A number of our authors have not been previously associated with MX. Welcome to the MX family! I’m aware that a few of these authors have already caught the Holmes-adventure-writing bug and are working on additional stories for future MX books of their own. I can’t wait to read them!
Early on, I decided to arrange the stories chronologically, extending from 1881, when Holmes and Watson first met, to 1929, the year of Watson’s death. This allowed for a logical arrangement of the stories, covering the entire period of Holmes and Watson’s friendship and professional partnership. I was greatly influenced by that wonderful volume edited by Mike Ashley, The Mammoth Book of New Sherlock Holmes Adventures (1997). He also arranged the stories within by date, and as a hard-core chronologist, I have a great appreciation for that method.
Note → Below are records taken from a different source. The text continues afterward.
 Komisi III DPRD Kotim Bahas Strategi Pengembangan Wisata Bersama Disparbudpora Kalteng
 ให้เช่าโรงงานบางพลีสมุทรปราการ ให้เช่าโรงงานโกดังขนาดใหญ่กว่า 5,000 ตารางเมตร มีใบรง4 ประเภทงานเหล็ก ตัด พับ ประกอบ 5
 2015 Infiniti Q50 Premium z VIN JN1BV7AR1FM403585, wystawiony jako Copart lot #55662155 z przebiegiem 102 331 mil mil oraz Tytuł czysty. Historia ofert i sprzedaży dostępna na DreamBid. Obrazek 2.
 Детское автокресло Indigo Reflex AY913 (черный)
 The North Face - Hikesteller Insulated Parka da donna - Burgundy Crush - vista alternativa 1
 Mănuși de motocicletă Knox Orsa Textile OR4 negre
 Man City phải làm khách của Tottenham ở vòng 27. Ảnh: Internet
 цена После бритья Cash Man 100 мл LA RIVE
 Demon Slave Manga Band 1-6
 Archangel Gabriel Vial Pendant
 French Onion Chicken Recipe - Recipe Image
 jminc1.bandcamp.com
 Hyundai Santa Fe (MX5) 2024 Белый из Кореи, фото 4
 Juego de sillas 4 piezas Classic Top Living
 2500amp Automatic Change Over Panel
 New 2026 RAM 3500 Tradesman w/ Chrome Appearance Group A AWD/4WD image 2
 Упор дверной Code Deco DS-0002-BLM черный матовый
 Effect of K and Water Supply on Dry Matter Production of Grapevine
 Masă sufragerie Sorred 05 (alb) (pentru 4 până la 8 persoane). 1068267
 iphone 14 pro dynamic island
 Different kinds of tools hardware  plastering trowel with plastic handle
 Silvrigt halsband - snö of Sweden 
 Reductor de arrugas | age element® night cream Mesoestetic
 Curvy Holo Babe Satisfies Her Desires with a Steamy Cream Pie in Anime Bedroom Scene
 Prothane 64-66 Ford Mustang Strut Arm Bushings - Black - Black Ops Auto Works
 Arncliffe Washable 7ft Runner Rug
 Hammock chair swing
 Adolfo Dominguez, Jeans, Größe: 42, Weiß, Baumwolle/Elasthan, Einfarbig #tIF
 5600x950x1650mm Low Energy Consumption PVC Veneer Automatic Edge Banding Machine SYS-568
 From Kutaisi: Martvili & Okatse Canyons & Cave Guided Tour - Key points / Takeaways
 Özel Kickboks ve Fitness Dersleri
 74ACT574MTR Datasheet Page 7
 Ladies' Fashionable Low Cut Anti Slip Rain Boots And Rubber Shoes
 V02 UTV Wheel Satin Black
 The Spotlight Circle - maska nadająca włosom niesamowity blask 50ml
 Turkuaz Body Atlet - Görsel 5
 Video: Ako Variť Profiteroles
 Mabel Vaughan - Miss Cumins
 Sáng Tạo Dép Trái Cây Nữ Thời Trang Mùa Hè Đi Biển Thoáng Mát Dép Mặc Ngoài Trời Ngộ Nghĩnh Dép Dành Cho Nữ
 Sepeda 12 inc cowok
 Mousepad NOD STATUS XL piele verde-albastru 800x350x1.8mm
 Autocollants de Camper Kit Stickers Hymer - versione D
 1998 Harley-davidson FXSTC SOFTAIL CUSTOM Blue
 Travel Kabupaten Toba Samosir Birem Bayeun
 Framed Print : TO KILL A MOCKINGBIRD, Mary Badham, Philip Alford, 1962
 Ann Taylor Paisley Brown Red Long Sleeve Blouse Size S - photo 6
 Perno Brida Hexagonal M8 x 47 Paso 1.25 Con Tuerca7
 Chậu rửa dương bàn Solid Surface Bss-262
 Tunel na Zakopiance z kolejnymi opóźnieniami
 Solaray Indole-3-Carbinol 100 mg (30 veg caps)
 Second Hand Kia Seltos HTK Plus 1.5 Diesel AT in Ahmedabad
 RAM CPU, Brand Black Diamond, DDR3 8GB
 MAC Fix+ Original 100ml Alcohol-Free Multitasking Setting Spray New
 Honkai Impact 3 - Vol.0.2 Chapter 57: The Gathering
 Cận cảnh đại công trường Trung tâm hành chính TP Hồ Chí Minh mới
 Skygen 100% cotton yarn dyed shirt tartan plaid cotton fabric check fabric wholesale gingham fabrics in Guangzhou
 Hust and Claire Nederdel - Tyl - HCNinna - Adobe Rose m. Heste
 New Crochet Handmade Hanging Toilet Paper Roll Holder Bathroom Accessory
My conditions for participation in the project were very basic. First and most important, as the editor of this collection I was very firm that Holmes and Watson had to be treated with respect and sincerity, and as if all involved were playing that fine old Sherlockian tradition, The Game. For those unfamiliar with this idea, Holmes and Watson are treated as if they were living, breathing, historical figures, and as such they cannot be transplanted to other eras, or forced to do something that is completely ridiculous for the time period in which they existed, such as battling space aliens. The stories had to be set in the correct time periods, ideally from 1881 to 1929. There could be no parody, nothing where Holmes was being used as a vampire-fighting Van Helsing, and nothing where he was incorrectly modernized, as if he is some version of Doctor Who to be reincarnated as whatever version of hero the current generation needs him to be.